» EXERCISE DESCRIPTION: Every line with the string "Peach" should be copied from the data.

» EXERCISE INPUT:
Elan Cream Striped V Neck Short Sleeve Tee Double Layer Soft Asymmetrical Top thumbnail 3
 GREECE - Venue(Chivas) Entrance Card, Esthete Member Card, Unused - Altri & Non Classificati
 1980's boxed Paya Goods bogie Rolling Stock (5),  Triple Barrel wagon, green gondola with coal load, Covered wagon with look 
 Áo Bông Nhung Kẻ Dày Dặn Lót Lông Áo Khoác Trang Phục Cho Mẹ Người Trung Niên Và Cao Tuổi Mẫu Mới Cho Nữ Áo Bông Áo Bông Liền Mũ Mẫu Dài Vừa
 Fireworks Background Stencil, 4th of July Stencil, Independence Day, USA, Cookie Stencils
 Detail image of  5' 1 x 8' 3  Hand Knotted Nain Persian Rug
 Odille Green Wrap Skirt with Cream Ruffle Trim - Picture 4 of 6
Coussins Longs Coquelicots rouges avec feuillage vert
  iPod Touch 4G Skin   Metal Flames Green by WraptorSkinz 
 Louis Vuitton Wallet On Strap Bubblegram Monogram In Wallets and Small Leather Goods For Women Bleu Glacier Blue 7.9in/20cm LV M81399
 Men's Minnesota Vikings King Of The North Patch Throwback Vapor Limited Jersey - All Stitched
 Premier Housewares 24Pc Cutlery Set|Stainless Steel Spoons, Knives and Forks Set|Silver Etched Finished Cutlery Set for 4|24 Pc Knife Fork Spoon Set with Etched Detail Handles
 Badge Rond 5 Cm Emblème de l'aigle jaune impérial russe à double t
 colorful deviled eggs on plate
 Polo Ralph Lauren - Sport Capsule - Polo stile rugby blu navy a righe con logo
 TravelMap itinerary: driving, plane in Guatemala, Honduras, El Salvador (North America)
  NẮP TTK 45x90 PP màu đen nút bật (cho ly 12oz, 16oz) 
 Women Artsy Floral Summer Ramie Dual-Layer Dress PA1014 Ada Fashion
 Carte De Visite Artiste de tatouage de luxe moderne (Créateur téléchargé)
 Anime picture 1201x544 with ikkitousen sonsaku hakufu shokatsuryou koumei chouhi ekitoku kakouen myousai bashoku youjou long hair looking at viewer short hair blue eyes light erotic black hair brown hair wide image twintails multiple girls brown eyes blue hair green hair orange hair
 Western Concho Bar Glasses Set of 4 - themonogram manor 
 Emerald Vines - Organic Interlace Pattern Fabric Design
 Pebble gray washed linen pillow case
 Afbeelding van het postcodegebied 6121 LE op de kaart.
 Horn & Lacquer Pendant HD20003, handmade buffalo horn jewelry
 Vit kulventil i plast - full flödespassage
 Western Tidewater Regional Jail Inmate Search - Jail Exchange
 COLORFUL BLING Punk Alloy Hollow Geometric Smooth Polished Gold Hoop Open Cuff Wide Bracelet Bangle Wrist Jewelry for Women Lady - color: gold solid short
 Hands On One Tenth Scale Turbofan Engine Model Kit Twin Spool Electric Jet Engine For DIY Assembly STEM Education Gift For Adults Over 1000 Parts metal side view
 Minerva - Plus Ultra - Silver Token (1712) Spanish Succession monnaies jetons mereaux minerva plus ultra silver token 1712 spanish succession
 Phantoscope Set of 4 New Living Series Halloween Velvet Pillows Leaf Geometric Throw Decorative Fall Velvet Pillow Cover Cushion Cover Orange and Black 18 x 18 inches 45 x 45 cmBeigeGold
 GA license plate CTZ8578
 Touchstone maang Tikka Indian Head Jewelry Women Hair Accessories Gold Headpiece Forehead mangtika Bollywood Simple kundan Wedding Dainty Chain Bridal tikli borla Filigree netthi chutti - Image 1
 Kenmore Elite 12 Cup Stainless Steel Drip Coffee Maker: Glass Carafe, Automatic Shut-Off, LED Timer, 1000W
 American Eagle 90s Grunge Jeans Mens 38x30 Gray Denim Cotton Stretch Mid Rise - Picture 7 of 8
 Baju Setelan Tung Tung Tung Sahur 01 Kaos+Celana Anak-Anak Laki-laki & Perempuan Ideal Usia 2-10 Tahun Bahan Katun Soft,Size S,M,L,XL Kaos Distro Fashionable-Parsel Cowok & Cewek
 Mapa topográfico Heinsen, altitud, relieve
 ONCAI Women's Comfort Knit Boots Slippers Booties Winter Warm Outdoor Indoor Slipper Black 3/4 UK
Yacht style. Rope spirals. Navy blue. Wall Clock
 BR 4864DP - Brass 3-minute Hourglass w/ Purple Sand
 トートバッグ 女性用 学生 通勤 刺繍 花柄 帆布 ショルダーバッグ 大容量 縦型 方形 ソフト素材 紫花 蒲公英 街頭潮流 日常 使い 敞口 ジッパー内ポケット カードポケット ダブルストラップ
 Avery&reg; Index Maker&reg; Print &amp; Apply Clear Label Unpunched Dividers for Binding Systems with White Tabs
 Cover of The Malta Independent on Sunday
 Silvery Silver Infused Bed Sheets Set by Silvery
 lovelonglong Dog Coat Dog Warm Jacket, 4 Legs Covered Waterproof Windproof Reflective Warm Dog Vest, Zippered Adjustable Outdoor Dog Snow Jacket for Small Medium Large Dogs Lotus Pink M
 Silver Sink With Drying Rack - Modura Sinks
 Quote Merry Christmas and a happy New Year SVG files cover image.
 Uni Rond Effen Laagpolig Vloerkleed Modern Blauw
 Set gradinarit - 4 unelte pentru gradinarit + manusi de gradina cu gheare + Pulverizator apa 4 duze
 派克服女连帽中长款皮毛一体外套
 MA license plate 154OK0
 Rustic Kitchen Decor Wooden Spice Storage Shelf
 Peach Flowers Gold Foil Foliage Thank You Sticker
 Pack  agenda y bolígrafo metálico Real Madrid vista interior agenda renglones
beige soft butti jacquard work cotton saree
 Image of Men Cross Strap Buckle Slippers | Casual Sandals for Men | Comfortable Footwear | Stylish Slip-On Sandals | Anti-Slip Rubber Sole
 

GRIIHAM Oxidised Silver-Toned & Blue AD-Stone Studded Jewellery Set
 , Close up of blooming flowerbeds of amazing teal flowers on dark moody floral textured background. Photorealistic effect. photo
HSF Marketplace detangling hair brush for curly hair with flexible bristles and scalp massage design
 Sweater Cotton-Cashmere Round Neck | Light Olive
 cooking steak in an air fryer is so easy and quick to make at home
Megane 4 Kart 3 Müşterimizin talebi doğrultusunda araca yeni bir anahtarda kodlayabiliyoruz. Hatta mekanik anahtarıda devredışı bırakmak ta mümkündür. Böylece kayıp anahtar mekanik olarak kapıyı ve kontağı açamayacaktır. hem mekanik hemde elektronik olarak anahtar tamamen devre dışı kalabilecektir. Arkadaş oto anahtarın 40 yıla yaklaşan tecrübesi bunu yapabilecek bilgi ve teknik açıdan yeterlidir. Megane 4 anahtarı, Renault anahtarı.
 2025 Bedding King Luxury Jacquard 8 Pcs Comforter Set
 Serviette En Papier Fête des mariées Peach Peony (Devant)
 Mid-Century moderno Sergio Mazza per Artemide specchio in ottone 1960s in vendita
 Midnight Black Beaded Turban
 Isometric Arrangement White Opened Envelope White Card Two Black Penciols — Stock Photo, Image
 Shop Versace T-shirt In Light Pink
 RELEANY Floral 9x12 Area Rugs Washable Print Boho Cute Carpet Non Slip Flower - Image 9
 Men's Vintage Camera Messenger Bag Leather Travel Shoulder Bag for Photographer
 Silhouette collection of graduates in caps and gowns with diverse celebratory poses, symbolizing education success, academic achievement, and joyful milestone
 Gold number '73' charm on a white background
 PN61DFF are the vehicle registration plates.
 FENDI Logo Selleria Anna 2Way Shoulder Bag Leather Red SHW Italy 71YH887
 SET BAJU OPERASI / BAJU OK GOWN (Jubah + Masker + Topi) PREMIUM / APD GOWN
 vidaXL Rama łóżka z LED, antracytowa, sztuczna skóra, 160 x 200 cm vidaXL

» TASK RESPONSE:
 Peach Flowers Gold Foil Foliage Thank You Sticker
 Serviette En Papier Fête des mariées Peach Peony (Devant)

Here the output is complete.